**REQUIRED WORK**
Take the entries that follow and return exactly the lines from the one holding "7 yaşında kısır scottish fold" through the one holding "星期8在日本（经营管理签证）", both included. Nothing else is needed.

**MATERIAL PROVIDED**

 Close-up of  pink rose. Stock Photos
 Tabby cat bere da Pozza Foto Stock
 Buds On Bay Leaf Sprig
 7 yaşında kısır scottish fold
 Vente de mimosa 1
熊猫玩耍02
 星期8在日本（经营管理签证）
* * *
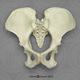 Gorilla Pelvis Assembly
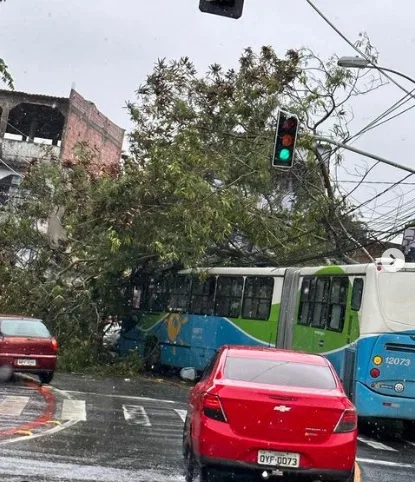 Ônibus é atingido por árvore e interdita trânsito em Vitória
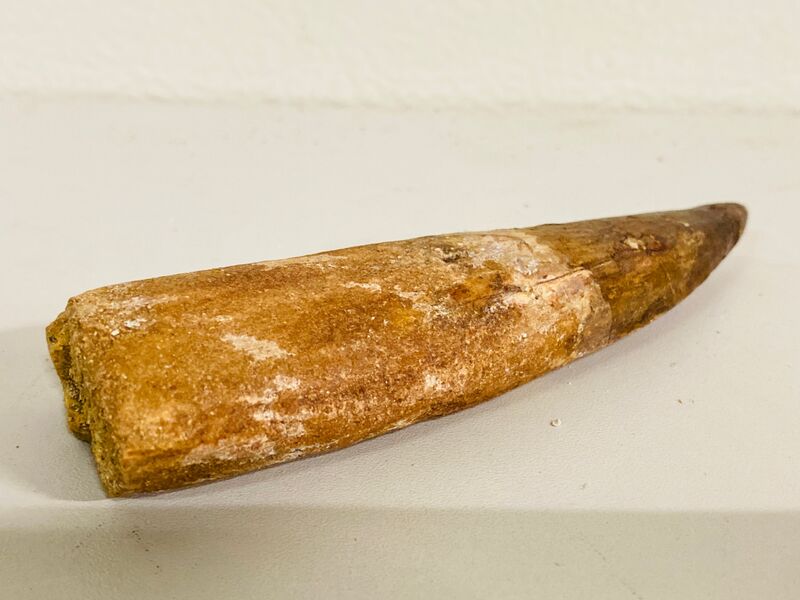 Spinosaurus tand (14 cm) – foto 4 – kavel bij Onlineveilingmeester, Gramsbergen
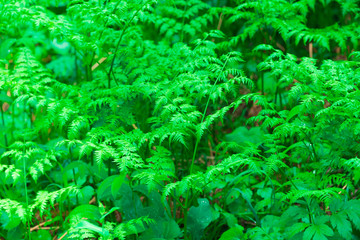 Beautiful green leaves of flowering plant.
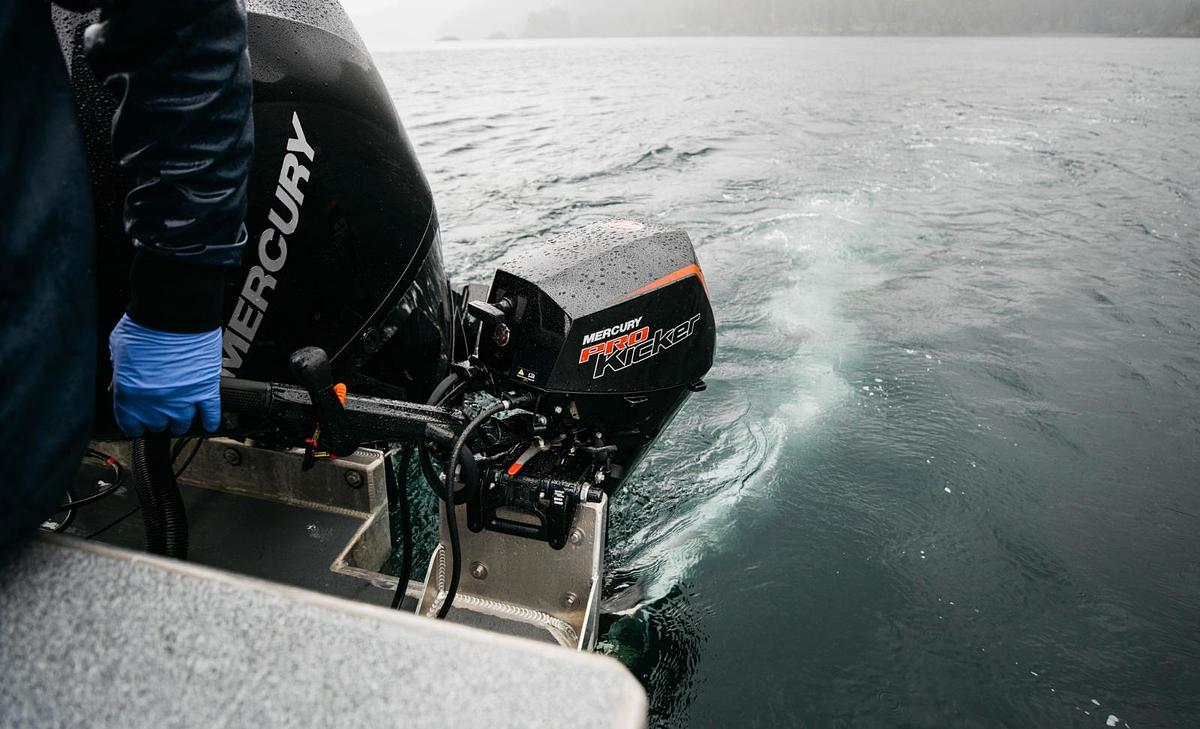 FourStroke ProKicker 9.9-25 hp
--
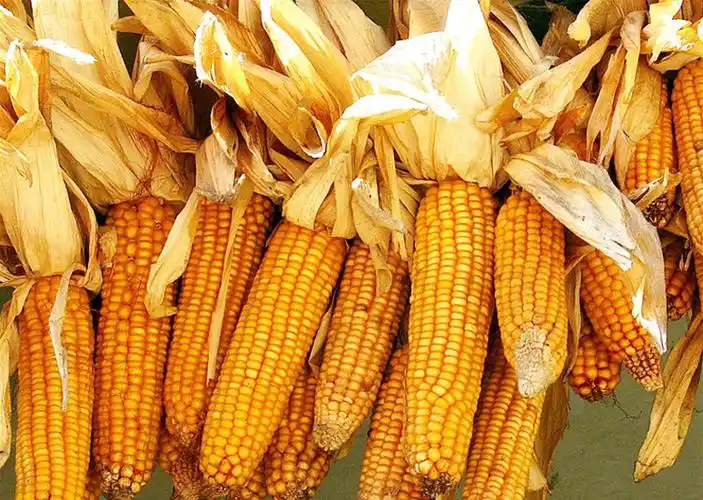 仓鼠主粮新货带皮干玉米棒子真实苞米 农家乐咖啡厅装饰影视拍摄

**ANSWER SECTION**
 7 yaşında kısır scottish fold
 Vente de mimosa 1
熊猫玩耍02
 星期8在日本（经营管理签证）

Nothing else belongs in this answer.